╭──

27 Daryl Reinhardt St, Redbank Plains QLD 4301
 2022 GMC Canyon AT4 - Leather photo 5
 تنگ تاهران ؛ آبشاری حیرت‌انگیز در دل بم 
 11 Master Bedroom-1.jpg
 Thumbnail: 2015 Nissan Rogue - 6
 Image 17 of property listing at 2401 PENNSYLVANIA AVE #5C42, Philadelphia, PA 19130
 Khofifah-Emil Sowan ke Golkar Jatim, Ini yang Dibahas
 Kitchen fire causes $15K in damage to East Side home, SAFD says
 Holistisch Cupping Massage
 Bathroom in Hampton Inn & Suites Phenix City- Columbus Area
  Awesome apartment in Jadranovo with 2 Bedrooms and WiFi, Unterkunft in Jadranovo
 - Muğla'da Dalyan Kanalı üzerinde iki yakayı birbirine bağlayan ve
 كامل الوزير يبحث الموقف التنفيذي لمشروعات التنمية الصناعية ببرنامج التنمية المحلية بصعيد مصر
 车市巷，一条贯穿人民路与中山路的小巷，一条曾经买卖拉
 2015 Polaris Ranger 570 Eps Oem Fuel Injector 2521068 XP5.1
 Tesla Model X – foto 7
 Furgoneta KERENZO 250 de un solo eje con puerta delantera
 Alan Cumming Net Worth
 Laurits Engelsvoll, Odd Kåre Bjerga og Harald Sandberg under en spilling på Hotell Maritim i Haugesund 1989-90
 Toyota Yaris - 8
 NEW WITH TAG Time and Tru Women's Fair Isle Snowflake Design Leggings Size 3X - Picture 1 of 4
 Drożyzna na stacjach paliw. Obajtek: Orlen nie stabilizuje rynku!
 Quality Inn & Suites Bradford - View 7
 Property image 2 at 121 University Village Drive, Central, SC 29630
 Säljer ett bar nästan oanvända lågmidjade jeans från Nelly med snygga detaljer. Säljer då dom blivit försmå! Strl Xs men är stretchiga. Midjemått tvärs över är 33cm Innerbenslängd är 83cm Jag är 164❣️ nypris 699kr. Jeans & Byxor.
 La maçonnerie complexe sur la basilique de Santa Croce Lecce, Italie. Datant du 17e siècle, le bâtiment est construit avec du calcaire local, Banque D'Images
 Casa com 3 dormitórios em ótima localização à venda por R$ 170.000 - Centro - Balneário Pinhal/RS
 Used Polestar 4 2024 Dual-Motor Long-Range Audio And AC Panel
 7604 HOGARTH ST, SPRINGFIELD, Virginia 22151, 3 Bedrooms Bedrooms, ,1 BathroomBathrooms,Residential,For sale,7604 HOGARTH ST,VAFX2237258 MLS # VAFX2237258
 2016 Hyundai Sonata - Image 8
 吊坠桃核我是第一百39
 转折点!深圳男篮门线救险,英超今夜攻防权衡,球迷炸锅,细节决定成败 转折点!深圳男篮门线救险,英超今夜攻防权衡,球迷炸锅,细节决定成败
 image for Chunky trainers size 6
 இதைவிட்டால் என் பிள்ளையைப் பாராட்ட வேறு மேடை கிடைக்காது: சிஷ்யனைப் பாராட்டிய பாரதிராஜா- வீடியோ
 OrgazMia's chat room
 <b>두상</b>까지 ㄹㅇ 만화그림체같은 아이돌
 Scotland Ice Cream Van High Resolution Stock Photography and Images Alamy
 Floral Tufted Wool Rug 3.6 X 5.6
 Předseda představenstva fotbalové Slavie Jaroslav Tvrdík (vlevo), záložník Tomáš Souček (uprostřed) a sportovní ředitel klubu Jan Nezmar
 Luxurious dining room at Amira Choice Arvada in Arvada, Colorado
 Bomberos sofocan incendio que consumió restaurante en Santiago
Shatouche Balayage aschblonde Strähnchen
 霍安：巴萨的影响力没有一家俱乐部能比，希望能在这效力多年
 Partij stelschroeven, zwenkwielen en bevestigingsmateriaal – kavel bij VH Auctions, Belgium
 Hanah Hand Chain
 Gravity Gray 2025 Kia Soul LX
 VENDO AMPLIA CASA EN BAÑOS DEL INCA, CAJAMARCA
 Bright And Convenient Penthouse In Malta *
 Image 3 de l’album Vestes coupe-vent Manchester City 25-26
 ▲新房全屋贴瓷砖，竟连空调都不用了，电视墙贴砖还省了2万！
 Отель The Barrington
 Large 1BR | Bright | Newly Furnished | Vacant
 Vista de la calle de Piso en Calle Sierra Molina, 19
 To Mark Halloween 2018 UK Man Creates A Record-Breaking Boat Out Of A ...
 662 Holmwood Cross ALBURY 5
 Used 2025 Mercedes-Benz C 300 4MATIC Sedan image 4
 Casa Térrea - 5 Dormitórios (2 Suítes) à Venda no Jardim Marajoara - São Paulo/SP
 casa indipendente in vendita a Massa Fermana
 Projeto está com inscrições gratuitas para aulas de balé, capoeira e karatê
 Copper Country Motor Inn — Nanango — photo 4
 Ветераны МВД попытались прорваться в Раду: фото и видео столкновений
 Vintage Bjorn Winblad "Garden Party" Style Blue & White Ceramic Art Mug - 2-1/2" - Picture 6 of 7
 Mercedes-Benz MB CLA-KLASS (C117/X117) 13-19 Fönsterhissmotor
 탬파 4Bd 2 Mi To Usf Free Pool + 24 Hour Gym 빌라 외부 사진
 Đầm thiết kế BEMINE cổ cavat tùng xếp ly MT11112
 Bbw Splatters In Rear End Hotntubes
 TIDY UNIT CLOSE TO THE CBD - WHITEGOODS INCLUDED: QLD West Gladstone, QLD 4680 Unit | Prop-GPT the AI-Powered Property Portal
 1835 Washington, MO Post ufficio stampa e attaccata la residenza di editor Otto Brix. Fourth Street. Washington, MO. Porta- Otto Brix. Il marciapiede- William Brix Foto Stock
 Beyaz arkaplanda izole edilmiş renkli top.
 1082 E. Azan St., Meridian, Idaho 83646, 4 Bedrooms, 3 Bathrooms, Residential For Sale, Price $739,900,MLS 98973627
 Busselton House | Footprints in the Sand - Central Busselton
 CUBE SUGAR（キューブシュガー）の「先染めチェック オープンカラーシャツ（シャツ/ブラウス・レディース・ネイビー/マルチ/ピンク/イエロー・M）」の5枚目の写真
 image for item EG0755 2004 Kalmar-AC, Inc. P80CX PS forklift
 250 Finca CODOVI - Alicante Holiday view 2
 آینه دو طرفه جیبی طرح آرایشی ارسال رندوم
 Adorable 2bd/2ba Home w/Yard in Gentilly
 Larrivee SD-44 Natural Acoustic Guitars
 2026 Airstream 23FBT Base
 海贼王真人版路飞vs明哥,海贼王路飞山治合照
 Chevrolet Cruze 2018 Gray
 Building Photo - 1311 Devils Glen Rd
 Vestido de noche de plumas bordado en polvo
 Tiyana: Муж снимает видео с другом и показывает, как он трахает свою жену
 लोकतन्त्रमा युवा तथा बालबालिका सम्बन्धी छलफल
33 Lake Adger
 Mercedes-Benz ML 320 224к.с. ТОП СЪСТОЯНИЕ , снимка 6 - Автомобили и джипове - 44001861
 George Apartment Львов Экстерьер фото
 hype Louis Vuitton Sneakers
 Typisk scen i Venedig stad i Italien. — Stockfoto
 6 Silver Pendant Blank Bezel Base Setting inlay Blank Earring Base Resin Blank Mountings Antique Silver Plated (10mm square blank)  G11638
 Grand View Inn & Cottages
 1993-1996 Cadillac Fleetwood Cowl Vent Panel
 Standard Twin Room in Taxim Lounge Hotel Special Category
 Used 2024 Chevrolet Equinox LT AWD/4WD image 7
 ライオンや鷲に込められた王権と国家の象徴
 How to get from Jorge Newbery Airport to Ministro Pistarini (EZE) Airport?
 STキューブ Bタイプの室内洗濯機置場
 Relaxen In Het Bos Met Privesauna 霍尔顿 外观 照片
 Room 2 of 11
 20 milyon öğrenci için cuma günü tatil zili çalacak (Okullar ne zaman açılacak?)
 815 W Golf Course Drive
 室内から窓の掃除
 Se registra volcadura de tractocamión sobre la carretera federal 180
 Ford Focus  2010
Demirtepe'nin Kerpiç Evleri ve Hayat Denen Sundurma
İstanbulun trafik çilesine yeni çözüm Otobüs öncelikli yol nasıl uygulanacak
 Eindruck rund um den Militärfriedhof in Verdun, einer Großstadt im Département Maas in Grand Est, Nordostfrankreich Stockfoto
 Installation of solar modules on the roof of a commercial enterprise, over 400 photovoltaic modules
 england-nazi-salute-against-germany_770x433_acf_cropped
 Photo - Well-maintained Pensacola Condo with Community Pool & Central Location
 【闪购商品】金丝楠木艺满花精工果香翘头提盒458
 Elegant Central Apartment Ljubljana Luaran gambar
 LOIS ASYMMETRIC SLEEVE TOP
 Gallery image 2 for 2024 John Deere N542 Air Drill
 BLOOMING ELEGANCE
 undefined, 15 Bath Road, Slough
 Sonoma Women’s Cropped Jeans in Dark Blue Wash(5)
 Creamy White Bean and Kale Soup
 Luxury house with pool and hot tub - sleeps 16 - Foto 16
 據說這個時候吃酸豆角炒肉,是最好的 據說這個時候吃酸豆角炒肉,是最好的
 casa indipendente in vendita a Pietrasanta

╰──

» What to work on
If a line in the records above includes the string "Stockfoto", copy it.

» Exercise result
 Typisk scen i Venedig stad i Italien. — Stockfoto
 Eindruck rund um den Militärfriedhof in Verdun, einer Großstadt im Département Maas in Grand Est, Nordostfrankreich Stockfoto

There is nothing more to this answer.